It’s Not a Tax
For years, there has been an ongoing dispute between broadcast radio and recording artists about whether or not broadcasters should be required to compensate recording artists for the use of their music. Under the current law, digital radio, satellite radio, and cable radio are all required to pay royalties in order to play music, yet regular, terrestrial broadcast companies are exempt from paying for the music they play. The proposed amendment – which has also been endorsed by the Obama Administration – would change the language of the legislation to require terrestrial broadcast stations to also pay royalties for their music. On Thursday, April 1 the Department of Commerce reiterated its support of the proposed amendment to the Performance Rights Act, calling it a “matter of fundamental fairness.” Naturally, the broadcast industry is up in arms.

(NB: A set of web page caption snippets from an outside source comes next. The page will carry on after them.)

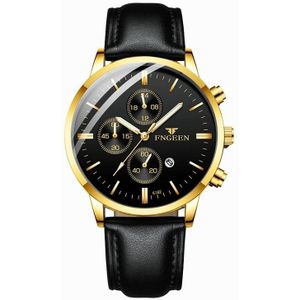 FNGEEN W5128 mannen drie ogen subdial lichtgevende quartz horloge student eenvoudig horloge (zwart lederen gouden shell zwart oppervlak)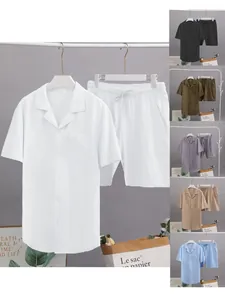 Hommes Été Décontracté Loungewear Haut Et Bas Mélange Lin Chemise à Manches Courtes et Short à Cordon Couleur Unie Confort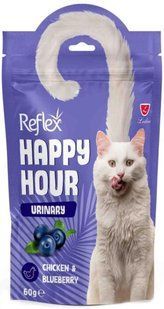 Reflex Happy Hour ласощі для котів з куркою та чорницею, урінарі 60г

Broadcast stations are calling the new payment a “tax”, which is an incorrect use of the term. A “tax” is an involuntary payment to government, while what the legislation proposes is really “royalties”. Grover Norquist of Americans for Tax Reform and Kelsey Zahourek of the Property Rights Alliance, in an op-ed in Roll Call on Friday, explained the difference between the two methods of payment.

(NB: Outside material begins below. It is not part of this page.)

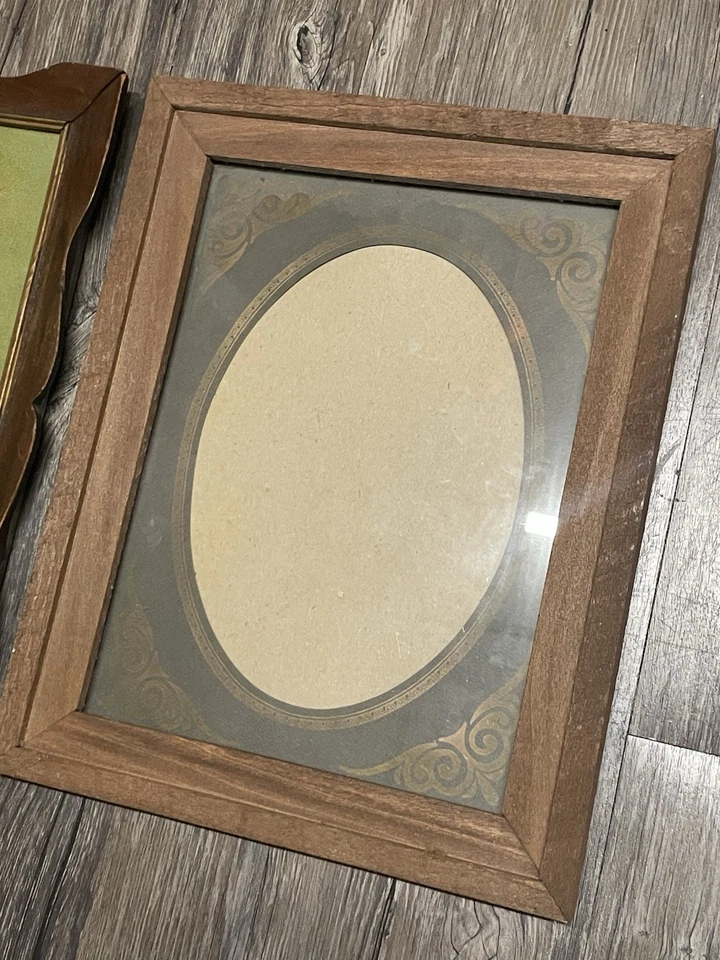 Lote de marcos de madera vintage 9x12 festoneados ondulados ovalados ornamentados aserrados en cuartos Foto 3 de 4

Music is a form of property and deserves protection just like literature, patents, and private real estate. Currently, terrestrial broadcast radio is allowed to play music free of charge, meaning musicians and recording studios receive no compensation for their work. Every other form of radio broadcasting is required to pay musicians for the rights to broadcast their music, and terrestrial radio should be no different.